1. Limitation on Liability. Buyer agrees PAC shall not be liable for any direct, indirect, incidental, punitive or consequential damages, including lost profits, lost savings or loss of use, whether Buyer's claim is based in contract, tort, warranty, strict liability or otherwise, which Buyer may suffer for any reason, including reasons attributable to PAC. Buyer agrees these limitations on PAC's liability are reasonable and reflected in the amounts charged by PAC for its products.
2. Limitation on Claims. Any litigation proceedings with respect to defective or nonconforming products or any other claim, whether based in contract, tort, warranty, strict liability or otherwise, must be filed by Buyer within twelve (12) months from the date of shipment of the products or such claim will be precluded by limitations.
3. Force Majeure. PAC shall not be liable for either direct or consequential damage caused, either directly or indirectly, as a result of any delay in delivery of failure to perform based upon: (i) any act of God, including but not limited to natural disaster, such as fires, floods, earthquakes or tornadoes; (ii) conditions of strikes, labor disputes or difficulties, riots, war or embargo; or (iii) acts or requirements of governmental or civil authority or restrictive import duties.
1. Standard Limited Warranty. The terms of PAC's Standard Limited Warranty are incorporated herein by reference.
2. Remanufactured Parts. Products sold by PAC may contain remanufactured parts. All spare parts sold by PAC will be new or equivalent to new.
3. Product Changes. PAC, in its sole discretion, may modify the design and construction of its products and will have no obligation to retrofit previously sold products.
4. Stenographic Errors. Any stenographic or clerical errors will be subject to correction and will not be binding upon either PAC or Buyer.
5. Buyer Data. If any data supplied by Buyer, whether in the form of Buyer specifications or pursuant to any purchase order or other documentation, proves to be inaccurate, any warranties or other related obligations of PAC relying thereon will be void.
6. Governmental Procurement. No governmental procurement regulations or contractual clauses will be binding upon either PAC or Buyer unless such regulations or clauses are required by law or are mutually agreed to by PAC and Buyer.
7. Export. Buyer agrees to comply with all applicable export and re-export control laws and regulations, including the Export Administration Regulations ("EAR") maintained by the U.S. Department of Commerce, trade and economic sanctions regulations maintained by the Treasury Department's Office of Foreign Assets Control ("OFAC") and the International Traffic in Arms Regulations ("ITAR") maintained by the Department of State. At the time the order is placed, Buyer will identify to PAC's satisfaction the end-user application and/or dual applications for the products to be purchased. PAC reserves the exclusive right to refuse to accept any purchase order. Buyer will be responsible for obtaining any license required under EAR, OFAC regulations or ITAR. PAC will identify in writing to Buyer those items, technology and software for which an export license is required and provide export classification and licensing information necessary for export documents, including but not limited to the appropriate Export Control Classification Number ("ECCN") from the Commerce Control List, the applicability of license exceptions, license numbers and copies of licenses. Buyer agrees to indemnify PAC for any fines, penalties, claims, losses, damages, costs (including legal costs), expenses and liabilities that may arise as a result of Buyer's breach of this Section.
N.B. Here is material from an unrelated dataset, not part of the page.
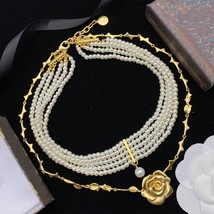 New hot brand Ladies Luxury fashion jewelry vintage pearl Necklace sweat flower  - £45.21 GBP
8. Governmental Compliance. Buyer acknowledges and certifies that to the extent required by law, rule or regulation, Buyer shall comply, and require its subcontractors to comply, with the following: The Foreign Corrupt Practices Act, 15 U.S.C. §78dd-1 et seq.; The Immigration Reform and Control Act of 1986 and related regulations; the Equal Opportunity Clause prescribed in 41 CFR 60-1.4 (race, color, sex, national origin); the Affirmative Action Clause prescribed in 41 CFR 60-250-4 (veterans); the Affirmative Action Clause prescribed in 41 CFR 60-741.4 (handicapped workers); 43 CFR Chapter 1, Subpart 19.7 (Small Business and Small Disadvantaged Business Concerns); 48 CFR Chapter 1, Subpart 20.3 (Utilization of Labor Surplus Area Concerns); Executive Order 12138 (women-owned businesses); 41 CFR 60-1.40 (establishment of a written affirmative action program); 41 CFR 60-1.7 (filing the Employer Information report annually); 41 CFR 60-1.8 (non-segregated facilities); the Fair Labor Standards Act of 1938; and all relevant amendments of such laws, rules and regulations.
9. Disclaimer of UN Conventions. In accordance with Article 6 of the United Nations Convention on Contracts for the International Sale of Goods, PAC and Buyer exclude the application of such convention to these Terms, including all terms, obligations, requirements and duties that may be said to exist or arise from such convention. In accordance with Article 3(2) of the Convention on the Limitation Period in the International Sale of Goods, PAC and Buyer exclude the application of such convention from these Terms, including all terms, obligations, requirements and duties that may be said to exist or arise from such convention.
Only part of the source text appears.